There's no mystery about the "mysterious Fred". Lucky enough to have been born into 20th-century America as a native North Carolinian, a state known for good roads and honest government (back then!), raised with all the benefits of 25 years in the formal educational system, in the process going thru the 1960's not immersed in the "counter-culture" but influenced enough by it to have picked up the now-mainstream dislike for his native country, being a conservative in college but gradually becoming a liberal in the late 60s into the mid-70s, until harsh reality caused his eyes to open...

Yet always being a worthless doofus in so many ways. A do-nothing.

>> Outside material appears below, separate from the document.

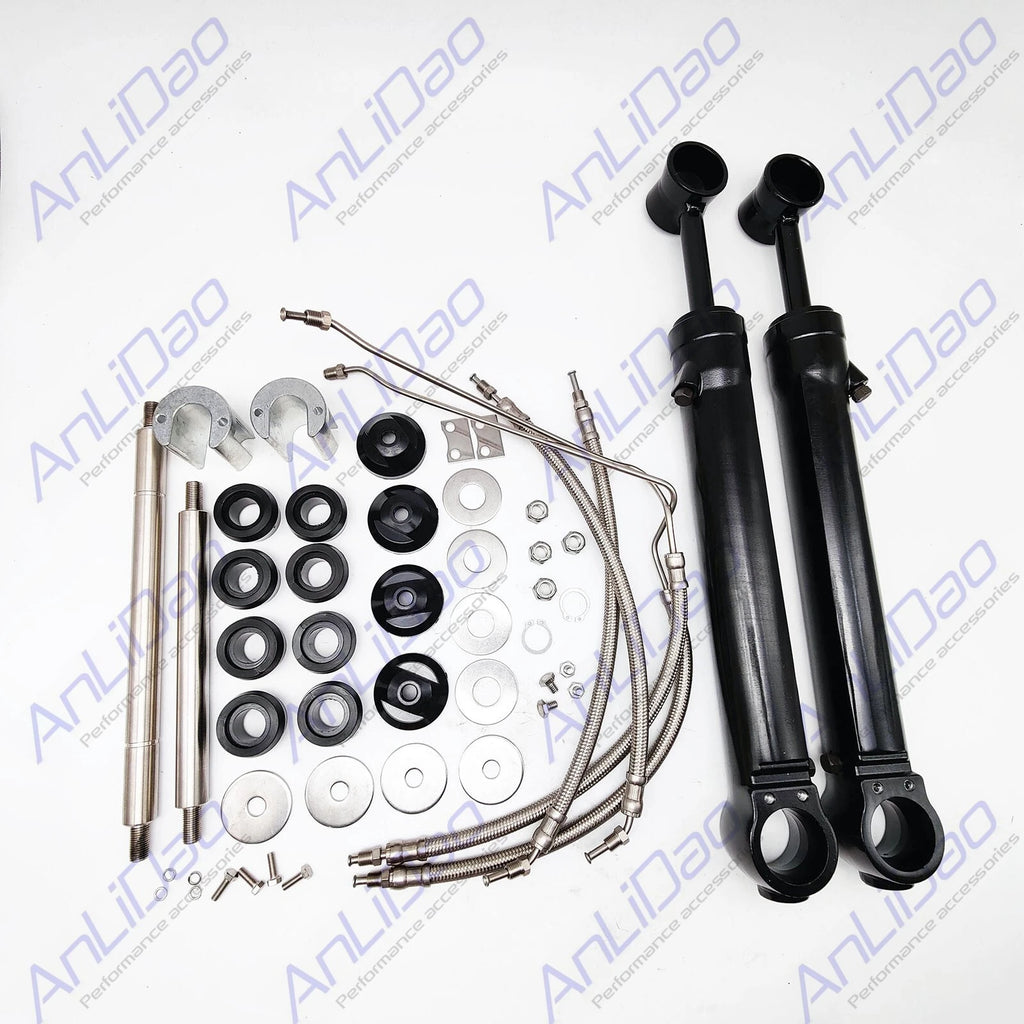 Cylinder Hose Kit for Mercruiser 1 2 3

Sure, in his early thirties, he set his eye on the goal of going into the booming real estate market and being able to retire at 40, a goal he missed by a couple of years - but retirement turned out to be boring after a year or so, anyway.

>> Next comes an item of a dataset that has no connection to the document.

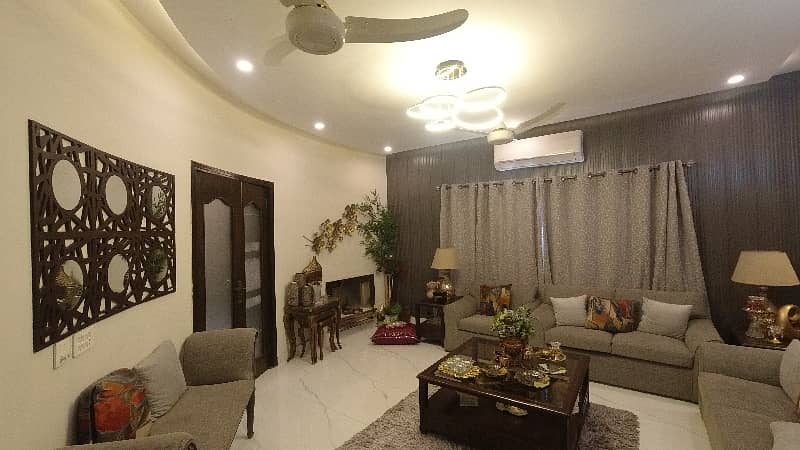 Spacious 13 Marla House Available For sale In Imperial Garden Homes 6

Having been influenced in his high school days by inheriting a Remington 550P (note the "P" - it was the fairly uncommon peep-sight version), a rifle made sometime in the 1940s, a rifle it proved astonishingly easy to shoot accurately, and being presented, long prior to the '68 GCA, with a Japanese Arisaka which ignited an interest in surplus military rifles (mostly in the $10 range at the time - but I did fork over 15 Big Ones [$15] for a British No. 2 .22 training rifle in a real splurge - with the sight set at "1100", it proved just the ticket for shooting .22 rimfire at 400 yards)), which resulted in a modest collection of historical relics, none costing much more than ten bucks, Fred was a dedicated 2A supporter.

Until, as mentioned, liberalism set in along with a simultaneous deflation in interest in "guns" - and it was not until Jimmy Carter fired up the survival movement that Fred's interest in firearms reignited in the mid-1970s.

Still, it was all "arm-chair" - collecting books, dreaming, living in a big city with no place to shoot. Finally, on retiring to the countryside, and joining a gun club, Fred began to shoot often, sometimes as often as six days a week, at least 100 rounds of centerfire (to make it "worth" the several mile drive to the range Smiley ) but nothing organized until he took up .22 rimfire pistol metallic silhouette shooting on the chickens, pigs, turkeys, and rams out to 100 yards (there were a few matches with the rams at 200 yards - with a .22 pistol).

Later, he was introduced to highpower rifle shooting by a fellow club member who showed up at the range with some hand-made HP targets drawn on cut open brown paper grocery bags, a member who told him two stages required 10 shots in about a minute, starting from standing, getting into position, and a mag change. Wow! Expressing incredulity, Fred tried it out and was instantly sucked into the challenge. He had no idea you could shoot that accurately!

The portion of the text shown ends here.